Help might be on the way from Colorado Democratic Sen. Michael Bennet, who has introduced a bill directing federal mortgage-loan agencies to consider the expected reductions in energy costs when calculating loan costs. His bill, called SAVE, for Sensible Accounting to Value Energy Act, awaits a hearing in the Senate Banking Committee. While it may take time for buyers to seek out net-zero homes, John Bringenberg of SunTalk, a company that installs solar panels, predicts that in a decade, every house will have some solar component: “A house isn’t going to just sit there in the sun; it will generate electricity.”

UTAH AND THE WEST

More good green news comes from a city that was smart enough back in the mid-’90s to start planning a more sustainable future, reports Governing magazine.

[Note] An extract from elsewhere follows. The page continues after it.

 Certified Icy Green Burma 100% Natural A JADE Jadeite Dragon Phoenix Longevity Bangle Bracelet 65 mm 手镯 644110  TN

In a community effort called “Envision Utah,” Salt Lake City residents planned 40 and even 50 years ahead. Goals included reducing sprawl and driving time, cutting down on air pollution and retaining the precious open space near the mountains. They concentrated on planning for “higher-density developments around mass-transit stops” — creating places where cars could be abandoned in favor of walking or taking light-rail trains or streetcars to work, stores and school.

If that vision holds, the Greater Wasatch area — a narrow, 120-mile strip where about 80 percent of Utah’s population lives — will “conserve 23 square miles of open space, reduce traffic congestion by 18 percent, and increase (mass) transit use by 12 percent,” predicts the federal Housing and Urban Development agency.

ARIZONA

Thanks to the 23-to-30-foot-high fence across the Nogales border with Mexico, the Tucson Weekly finds that marijuana smugglers and U.S. Border Patrol have begun playing a vigorous “game” that resembles a blend of monkey-in-the-middle and football. “There are quarterbacks in Mexico and receivers in the U.S.,” said Lt. Gerardo Castillo of the Santa Cruz County Metro Task Force. “We try to intercept, obviously.”